Andoni Iturrioz : chanteur rimbaldien

Après avoir bourlingué dans le monde entier, Andoni Iturrioz, né à Paris en 1976 mais d’origine basque, signe avec Le Roi des Ruines (*), un disque singulier à la poésie brute à fleur des sons.

Il y a dans les chansons d’Andoni Iturrioz quelque chose d’incandescent. L’artiste a le verbe haut et le sens des images poétiques qui portent.

En huit titres, il  embarque son monde dans son  singulier univers, fruit de deux décennies de recherches et de rencontres. Il est vrai, l’homme a, tel un Rimbaud moderne, largué les amarres à 19 ans pour courir les routes du monde durant cinq années, d’Asie en Afrique, en passant par l’Océanie.
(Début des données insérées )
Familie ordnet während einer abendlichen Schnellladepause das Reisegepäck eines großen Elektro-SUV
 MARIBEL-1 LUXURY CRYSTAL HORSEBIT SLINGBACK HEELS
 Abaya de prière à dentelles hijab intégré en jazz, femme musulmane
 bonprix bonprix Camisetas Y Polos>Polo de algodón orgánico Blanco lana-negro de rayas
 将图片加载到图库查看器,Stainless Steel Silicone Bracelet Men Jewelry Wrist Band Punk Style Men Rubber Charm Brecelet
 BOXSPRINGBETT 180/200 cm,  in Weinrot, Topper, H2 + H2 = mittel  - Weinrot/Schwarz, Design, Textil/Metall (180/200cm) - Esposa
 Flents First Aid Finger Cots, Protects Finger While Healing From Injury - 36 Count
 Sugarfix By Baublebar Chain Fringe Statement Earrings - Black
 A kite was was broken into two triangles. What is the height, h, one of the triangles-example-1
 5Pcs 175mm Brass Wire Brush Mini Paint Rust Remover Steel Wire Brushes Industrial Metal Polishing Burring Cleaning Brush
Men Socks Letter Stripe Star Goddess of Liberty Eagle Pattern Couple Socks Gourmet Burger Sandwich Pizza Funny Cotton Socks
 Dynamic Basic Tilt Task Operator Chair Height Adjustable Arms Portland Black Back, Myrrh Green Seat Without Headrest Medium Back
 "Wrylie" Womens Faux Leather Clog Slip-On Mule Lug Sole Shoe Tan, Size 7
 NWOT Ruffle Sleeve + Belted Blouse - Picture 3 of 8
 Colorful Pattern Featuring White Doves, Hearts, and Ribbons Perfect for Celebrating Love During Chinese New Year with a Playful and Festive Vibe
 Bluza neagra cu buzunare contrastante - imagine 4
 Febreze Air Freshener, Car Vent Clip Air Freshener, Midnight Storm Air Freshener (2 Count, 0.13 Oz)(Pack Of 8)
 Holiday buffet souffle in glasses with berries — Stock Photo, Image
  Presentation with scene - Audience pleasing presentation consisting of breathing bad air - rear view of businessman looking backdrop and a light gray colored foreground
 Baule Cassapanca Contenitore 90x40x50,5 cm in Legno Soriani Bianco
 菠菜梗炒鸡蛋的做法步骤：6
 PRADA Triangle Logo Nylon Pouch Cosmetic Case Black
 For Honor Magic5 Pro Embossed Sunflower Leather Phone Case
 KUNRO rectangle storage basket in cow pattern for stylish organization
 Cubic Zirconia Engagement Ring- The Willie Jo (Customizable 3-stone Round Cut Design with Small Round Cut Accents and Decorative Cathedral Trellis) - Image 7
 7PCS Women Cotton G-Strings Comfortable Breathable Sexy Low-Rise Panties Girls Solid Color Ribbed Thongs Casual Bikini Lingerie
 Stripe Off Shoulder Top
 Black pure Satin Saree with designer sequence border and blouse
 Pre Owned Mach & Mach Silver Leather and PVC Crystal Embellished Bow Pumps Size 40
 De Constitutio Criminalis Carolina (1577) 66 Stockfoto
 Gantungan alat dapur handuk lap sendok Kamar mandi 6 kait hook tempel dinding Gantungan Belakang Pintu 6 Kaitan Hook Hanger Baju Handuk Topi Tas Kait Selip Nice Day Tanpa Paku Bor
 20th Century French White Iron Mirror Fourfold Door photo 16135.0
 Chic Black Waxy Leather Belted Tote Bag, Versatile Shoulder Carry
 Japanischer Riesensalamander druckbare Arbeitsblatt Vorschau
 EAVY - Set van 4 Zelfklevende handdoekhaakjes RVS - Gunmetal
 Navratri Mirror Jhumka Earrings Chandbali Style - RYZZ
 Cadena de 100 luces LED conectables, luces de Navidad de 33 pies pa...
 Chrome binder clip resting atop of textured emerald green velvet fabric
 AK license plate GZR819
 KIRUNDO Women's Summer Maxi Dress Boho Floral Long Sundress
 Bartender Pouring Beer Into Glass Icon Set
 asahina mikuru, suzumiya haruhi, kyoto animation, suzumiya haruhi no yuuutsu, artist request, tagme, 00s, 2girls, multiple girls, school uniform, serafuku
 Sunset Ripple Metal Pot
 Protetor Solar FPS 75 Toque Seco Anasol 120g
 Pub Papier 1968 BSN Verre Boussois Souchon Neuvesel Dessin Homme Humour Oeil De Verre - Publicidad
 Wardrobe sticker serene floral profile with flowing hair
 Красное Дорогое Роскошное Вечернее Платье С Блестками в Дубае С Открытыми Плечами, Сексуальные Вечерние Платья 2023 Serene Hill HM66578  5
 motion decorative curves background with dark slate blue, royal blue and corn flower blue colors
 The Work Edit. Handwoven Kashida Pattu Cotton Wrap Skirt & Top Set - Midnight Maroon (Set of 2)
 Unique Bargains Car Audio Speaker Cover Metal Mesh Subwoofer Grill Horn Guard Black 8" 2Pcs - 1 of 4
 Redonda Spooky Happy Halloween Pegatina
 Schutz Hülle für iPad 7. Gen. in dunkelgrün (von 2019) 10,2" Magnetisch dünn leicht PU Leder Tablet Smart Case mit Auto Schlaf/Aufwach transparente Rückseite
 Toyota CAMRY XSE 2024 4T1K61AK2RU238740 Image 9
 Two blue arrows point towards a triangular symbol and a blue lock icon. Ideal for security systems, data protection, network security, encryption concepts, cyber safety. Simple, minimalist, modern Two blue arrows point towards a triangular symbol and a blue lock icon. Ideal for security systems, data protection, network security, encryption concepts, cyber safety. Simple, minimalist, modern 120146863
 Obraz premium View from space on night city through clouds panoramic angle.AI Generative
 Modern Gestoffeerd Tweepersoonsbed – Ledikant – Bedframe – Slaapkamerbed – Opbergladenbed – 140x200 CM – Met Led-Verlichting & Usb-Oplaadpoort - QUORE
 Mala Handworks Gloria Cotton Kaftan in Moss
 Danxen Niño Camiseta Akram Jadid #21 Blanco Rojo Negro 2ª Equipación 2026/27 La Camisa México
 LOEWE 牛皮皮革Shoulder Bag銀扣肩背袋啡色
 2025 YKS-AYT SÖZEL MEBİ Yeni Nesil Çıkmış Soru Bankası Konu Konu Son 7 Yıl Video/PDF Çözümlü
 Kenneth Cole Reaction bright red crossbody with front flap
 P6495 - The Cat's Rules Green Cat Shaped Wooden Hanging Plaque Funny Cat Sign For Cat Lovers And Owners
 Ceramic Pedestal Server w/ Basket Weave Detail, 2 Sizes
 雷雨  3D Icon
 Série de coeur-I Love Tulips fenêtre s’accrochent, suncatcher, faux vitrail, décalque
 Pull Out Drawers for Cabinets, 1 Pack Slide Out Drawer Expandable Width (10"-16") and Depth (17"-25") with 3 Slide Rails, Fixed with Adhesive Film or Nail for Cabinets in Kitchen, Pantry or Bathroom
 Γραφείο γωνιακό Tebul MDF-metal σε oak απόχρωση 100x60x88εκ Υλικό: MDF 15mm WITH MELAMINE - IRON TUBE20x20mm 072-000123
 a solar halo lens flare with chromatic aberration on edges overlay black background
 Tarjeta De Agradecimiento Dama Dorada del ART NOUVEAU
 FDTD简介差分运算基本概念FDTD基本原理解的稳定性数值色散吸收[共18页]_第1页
C’est en 2001 qu’il a posé son sac de voyage à Barcelone avec l’envie de faire de la chanson son terrain de jeu et d’expression.

De retour à Paris en 2007, reprenant son vrai patronyme,  Andoni Iturrioz  signe avec Le Roi des ruines, un disque de haute volée, avec des textes ciselés qui détonnent dans l’atmosphère actuelle un peu molle de la chanson. Dans ses longs monologues incantatoires comme La Joie noire ou La Fabuleuse histoire de Judas Iscariote, dans sa manière de prendre date, il y a une manière de s’exprimer qui lorgne du côté d’un Léo Ferré.  Ainsi dans La Joie noire, il martèle tel un prophète moderne  avec un sens certain du sarcasme: « Entendu que la Beauté a toujours raison/ Et qu’il nous faut être un creuset/ L’horreur a son potentiel/ C’est le cri. » L’exercice n’est pas une pâle copie du créateur du Chien, et sonne avec une mélancolie propre. Lire la suite « Andoni Iturrioz : chanteur rimbaldien »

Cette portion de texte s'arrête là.